Diversified resources companies Exxaro, Royal Bafokeng Platinum and Impala Platinum (through its equity stake in Royal Bafokeng Holdings) have achieved the best black economic empowerment in SA, says Webber Wentzel mining analyst Peter Leon.

Anglo American unbundled Kumba Resources into Kumba Iron Ore and Exxaro, a 55% black-held mining company, in an empowerment transaction in 2006. Exxaro is now the second-largest coal producer in SA. Kumba Iron Ore is another success story, with the community owning a 3% stake in its subsidiary, Sishen Iron Ore Company. This share is worth some R4 billion and is unencumbered. More than 6 200 employees were each paid out about R576 000 in 2011. They are in line to receive another substantial payout when the employee share ownership plan matures again in 2016.

Royal Bafokeng Holdings (RBH) is Implats’ anchor empowerment partner and its single-largest shareholder. RBH was set up as a community-based investment company 20 years ago to look after the wealth of the Royal Bafokeng Nation, a Setswana-speaking community of about 100 000 who live in Rustenburg Valley, a rich source of platinum group metals and other minerals.

RBH has a majority stake and control of Royal Bafokeng Platinum, a black-owned and controlled platinum group metals producer listed on the JSE.

On-target-Infographic

These long-standing black empowered miners provide examples of BEE success stories.

The most recent mining empowerment deal highlights another issue that the mining industry is grappling with as government fails to provide certainty. This is the principle of ‘once empowered, always empowered’. One example is Northam Platinum, which recently concluded a R6.6 billion empowerment deal, taking its BEE shares to just more than 35%. This occurred after the Department of Mineral Resources ‘directed’ it to get new empowerment partners after Afripalm and Mvelaphanda Resources sold their shares to repay interest on loans they had taken out to buy the stake in the first place, according to a Business Day report.

Leon says that two key issues on the charter need clarification. ‘One is how ownership is measured as the Mining Charter is quite vague. A much more tricky issue is the principle of “once empowered, always empowered”,’ he says

PwC says: ‘The mining sector argues it has put empowerment transactions in place to meet the requirements of the charter and that these historical transactions should count towards their empowerment credits, even if those partners no longer hold their shares.’

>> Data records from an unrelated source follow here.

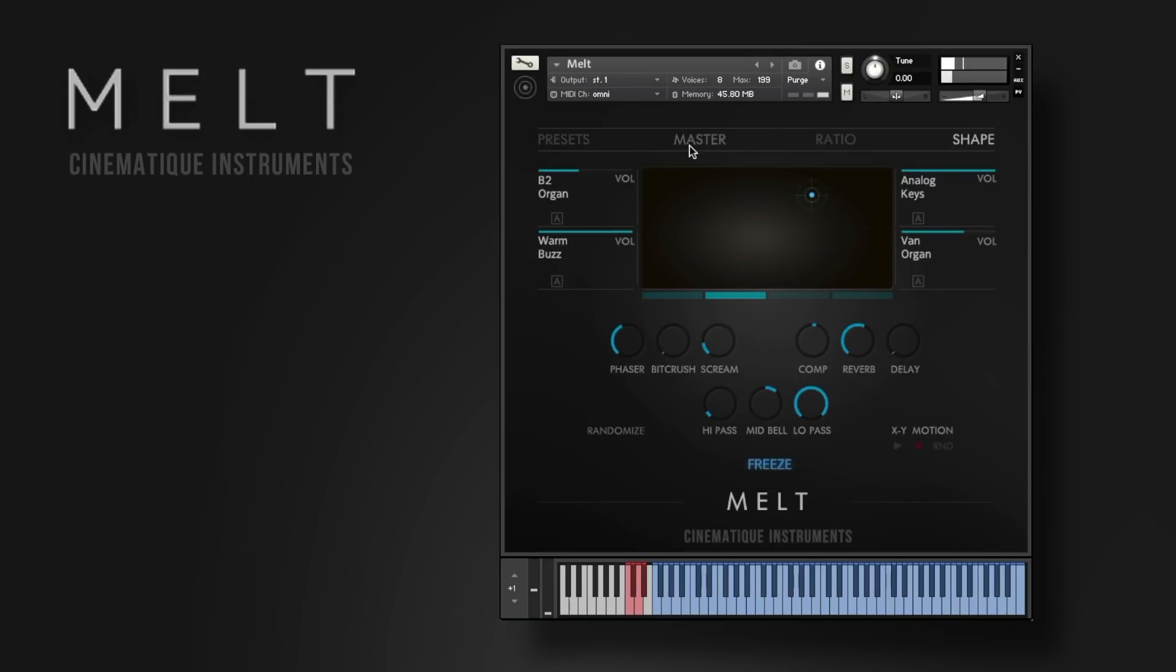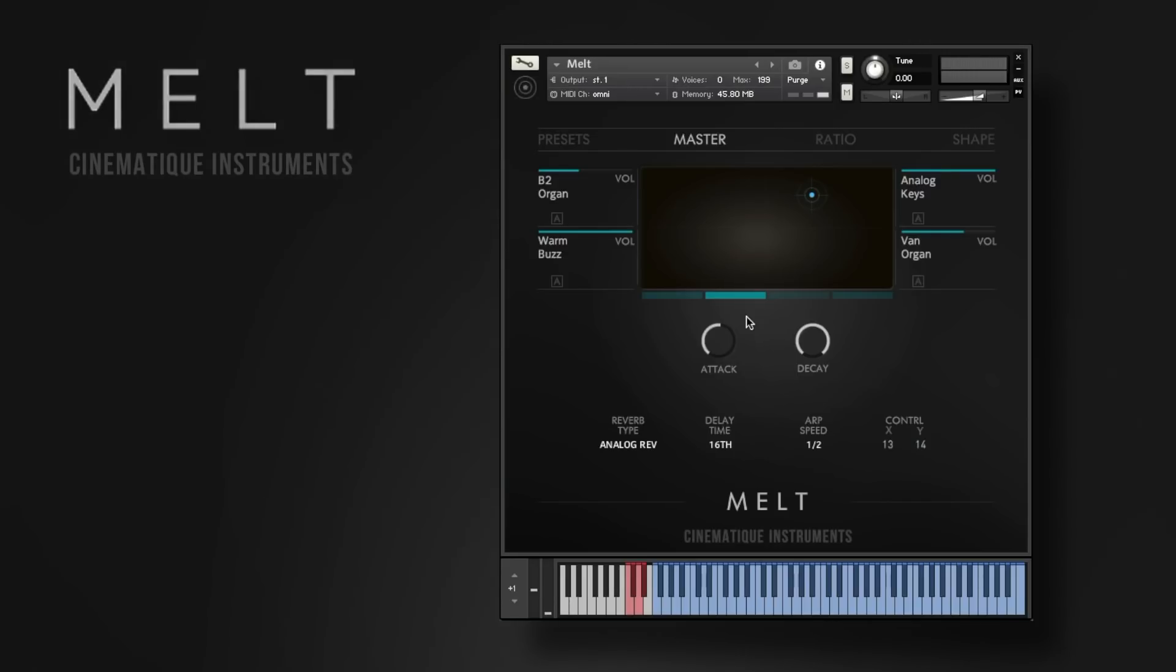Alright, I hope you've got an impression of how much fun it actually is to play around with Melt. Check out the website for some audio demos and thanks a lot for watching. I hope you enjoyed this video and have a nice day.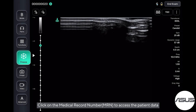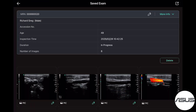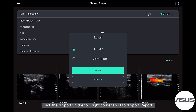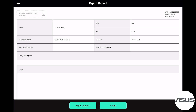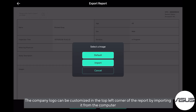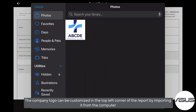Click on the Medical Record Number (MRN) to access the patient data. Click the Export button in the top right corner and tap Export Report. The company logo can be customized in the top left corner of the report by importing it from the computer.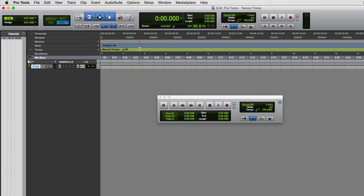The key difference is that manual tempo mode allows you one fixed tempo for the entire session. With the conductor track, you can speed it up or slow it down as the track goes along — I'll show that in a separate video. For now we're focusing on tap tempo. The tempo value is now green; I can double-click on it to highlight it and type in a new value if I want. But for tap tempo, I'll click on it and tap the T key.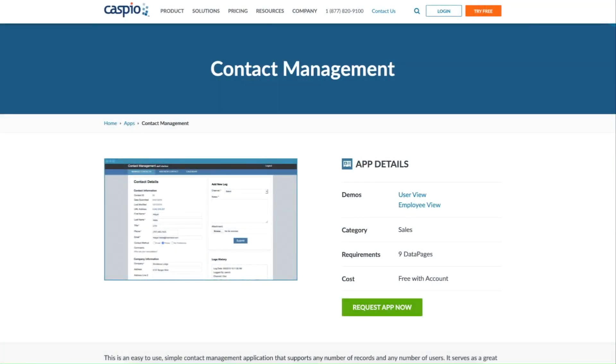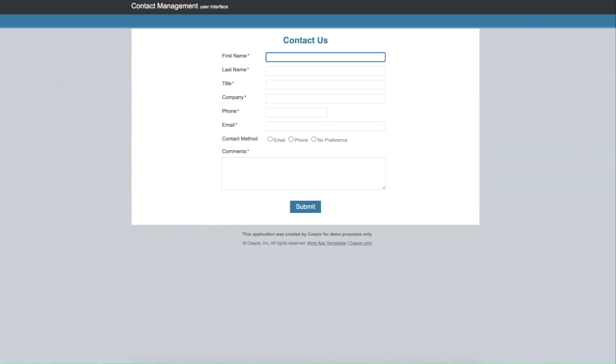Caspio's contact management application serves as a great foundation for many custom management systems. It comes with a public-facing contact form to generate new leads,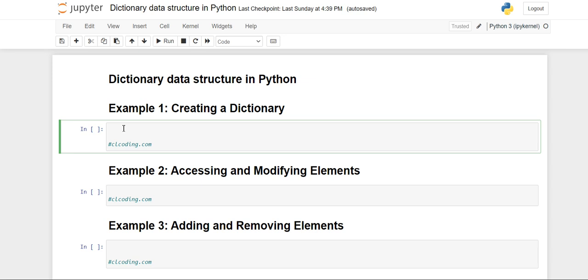Hello everyone, welcome back to the channel. In this video we are going to see the dictionary data structure in Python. Dictionaries are also the built-in structures of Python which work on a key-value pair, meaning you can store values with reference to their keys. They are mutable because you can make changes to the values by accessing the keys.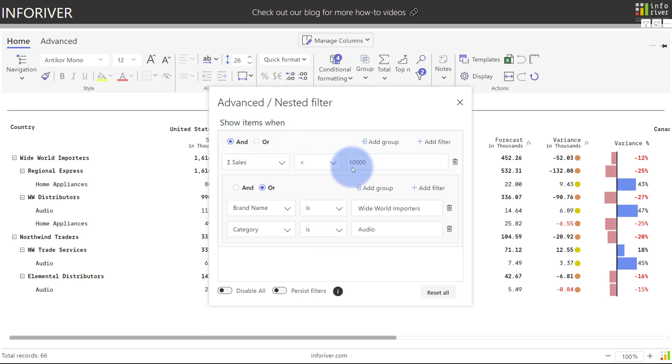And last but not least, the persist filters means that any filters applied either in the basic or advanced filter menu will remain consistent when you publish this to the Power BI service where users will consume this report in Reading View.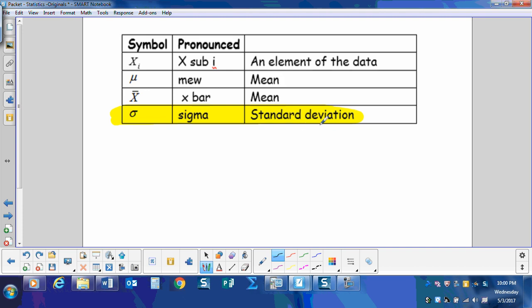So the standard deviation is represented by the Greek letter sigma. You just make a little circle and give it a tail. That's sigma, the small Greek letter sigma.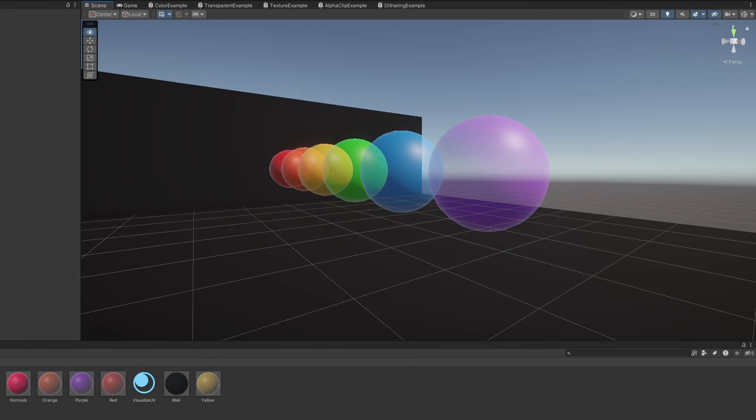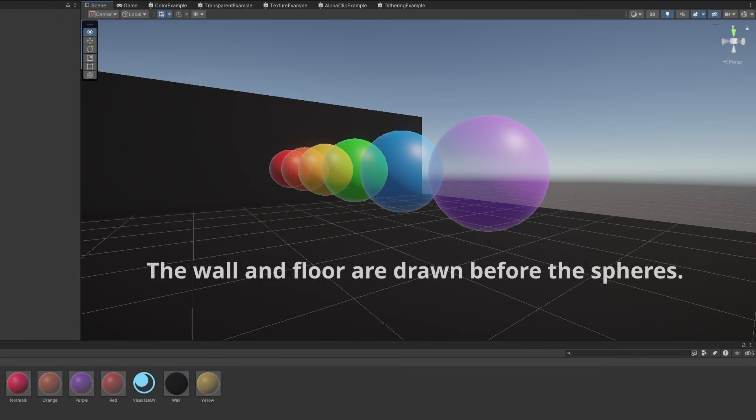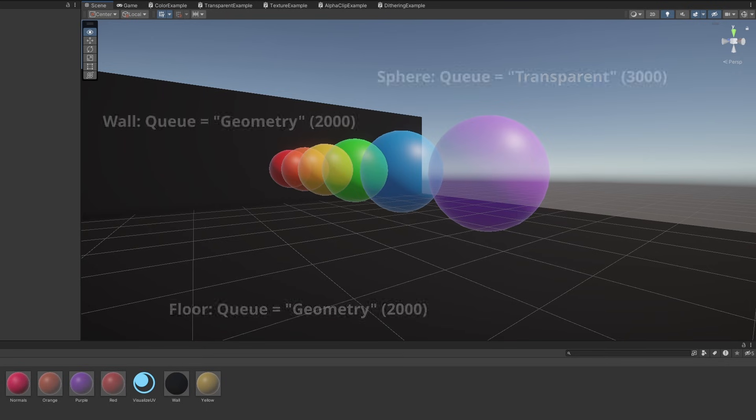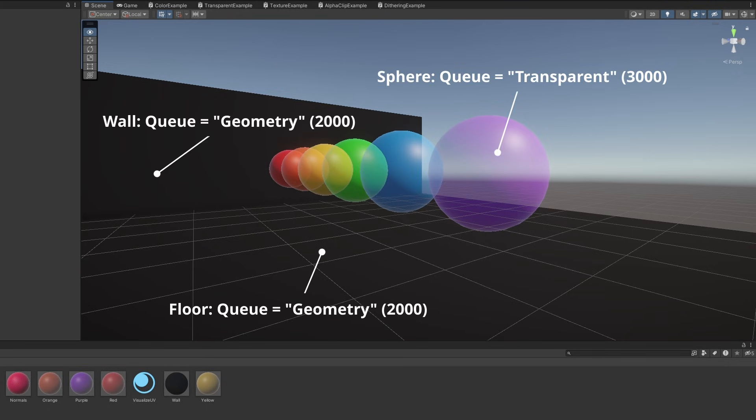First, that means all opaque objects need to be drawn first before any transparent objects are drawn, otherwise, we can't do any colour blending. Unity enforces this with a queue system, whereby all shaders are assigned a queue number, and lower numbers are drawn before higher numbers.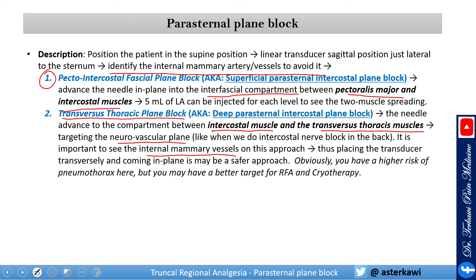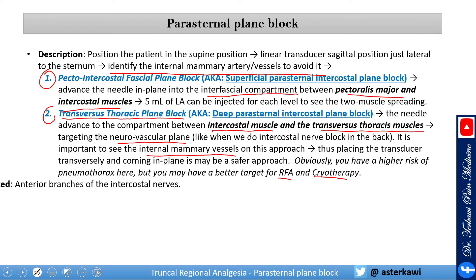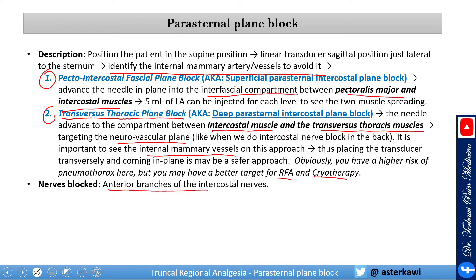What we are blocking here is the anterior branch of the intercostal nerve. Whether you use the superficial or the deep approach, you should capture both the medial and lateral sub-branches.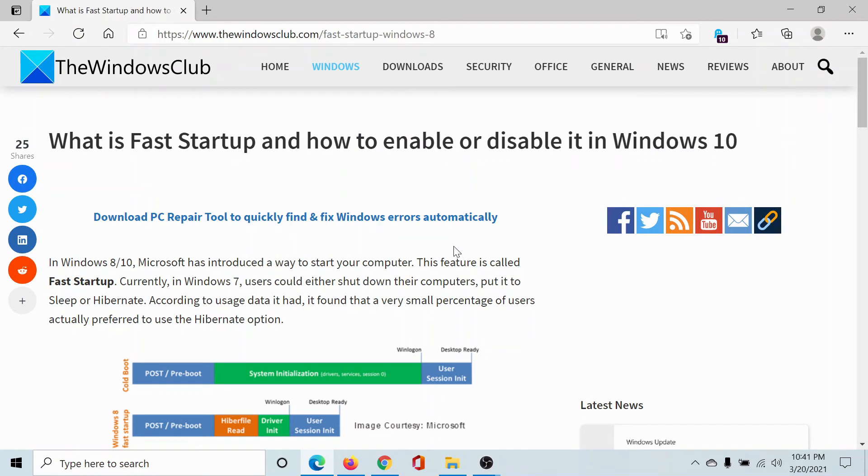If you have any doubts, please go to the original article on The Windows Club, scroll down to the comment section and write your query. We will surely answer it. Do not forget to subscribe to the channel. Thank you for watching this video and have a nice day.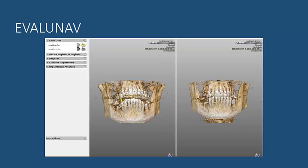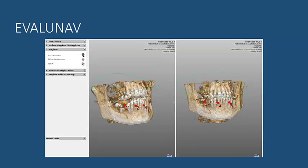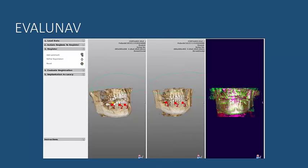Then we identify three anatomical markers which will be used by the software to do the superimposition of the two CBCT beams. That superimposition, that matching, is carried out automatically by the software. And we can see on the right side what is the outcome of this matching.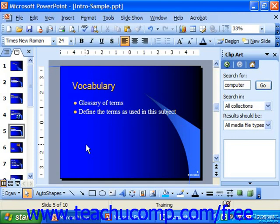PowerPoint 2003, XP, and 2000 can insert both MP3 and WAV formats, and PowerPoint 97 can only insert the WAV format of the audio file.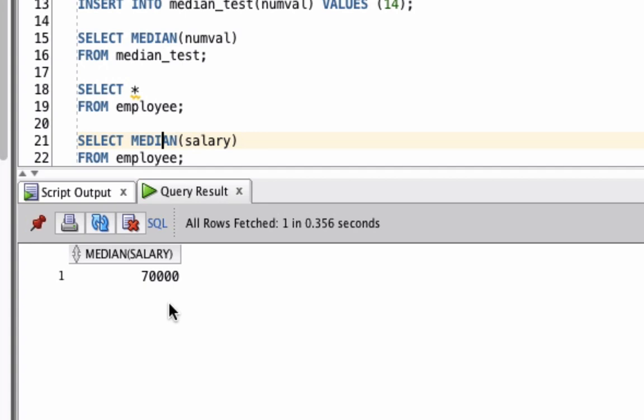If we run this, we get a single value of 70,000. So it's found that 70,000 is the median value in this table.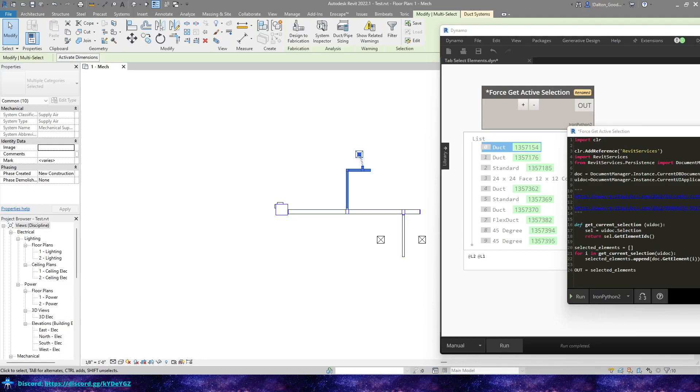Hey everybody, this video should be a pretty quick one. This graph that I'm going to show is going to be on my GitHub. You'll find the link below in the description. So feel free to check that out and download this and use it however you want.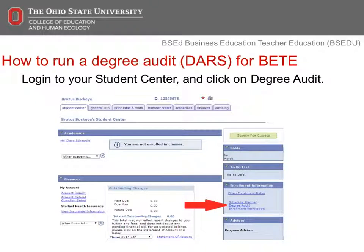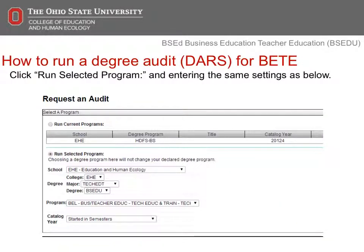The next few slides will explain the process of how to run a degree audit for this major. The degree audit should be viewed as the contract to graduate. First, visit your Student Center and Buckeye Link, then click on Degree Audit. See the screenshot on this slide for the link. On this screen, select the Run Selected Program button. You'll want to change the college to EHE, or Education and Human Ecology.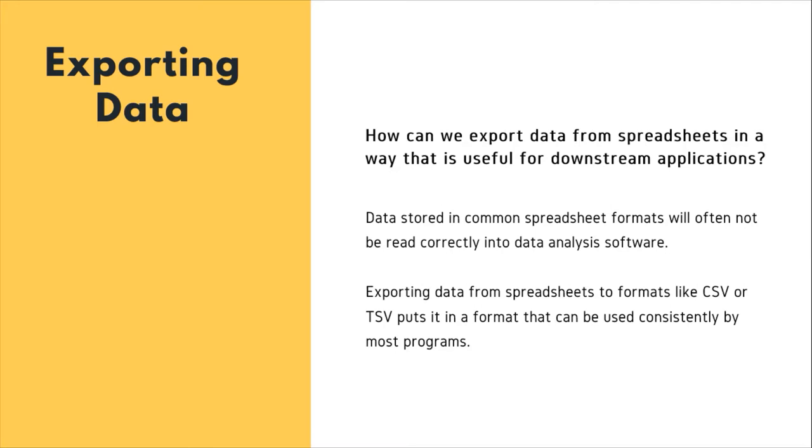We saw this as an example when we looked at dates where the computer read the dates differently.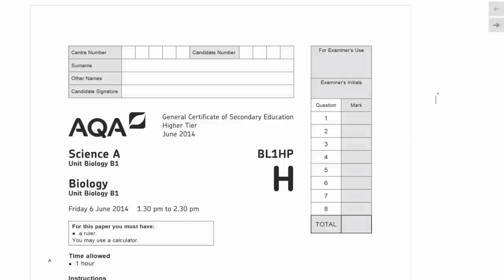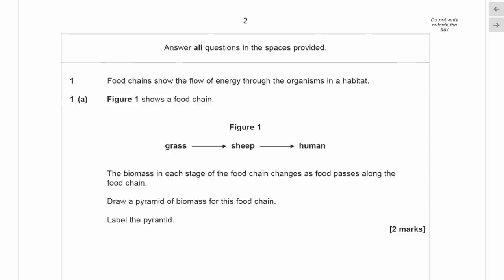Hi, so in this video we're going to go through the entire June 2014 GCSE AQA Biology unit one — the B1 exam. This will of course be a long video, so feel free to pause and rewind as you like because we are going to go through every question. Let's dive straight in to the first page.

The Department of Mineral Resources, however, ‘seems to imply that mining companies should repeatedly enter into new BEE transactions every time an existing BEE partner exits’, says PwC.

Scholes says that the department has never formally put forward its position on this. ‘In my view, it’s absurd to interpret this restrictively. According to a recent Supreme Court of Appeal judgement, if you interpret legislation in a way that gives absurd or unbusiness-like results, it has to be reinterpreted in a way that doesn’t.

‘This means that a “once empowered, always empowered” principle should be read into the Mining Charter. Otherwise black shareholders will be forced to be locked into deals and restricted when selling their shares,’ he says.

‘It is startling that one of the single biggest issues with BEE ownership transactions is still the sustainability of funding mechanisms used,’ says Stephan van der Walt, head of corporate finance at Bravura Capital.

‘We have found that unsustainable BEE funding models are unfortunately still the order of the day. This is an issue which is considered by the DTI Codes, and correctly so, but not the Mining Charter.

‘Companies and their advisors need to apply common, sound and basic funding principles when structuring BEE ownership transactions whilst also ensuring that the correct stakeholders close to the business are benefiting, not just in a sustainable manner, but also in a way which makes business sense and results in real empowerment, for the benefit of the company, the stakeholders and ultimately the country.

‘Applying these principles correctly addresses both the “encumbered” and “once empowered always empowered” issues highlighted,’ he says.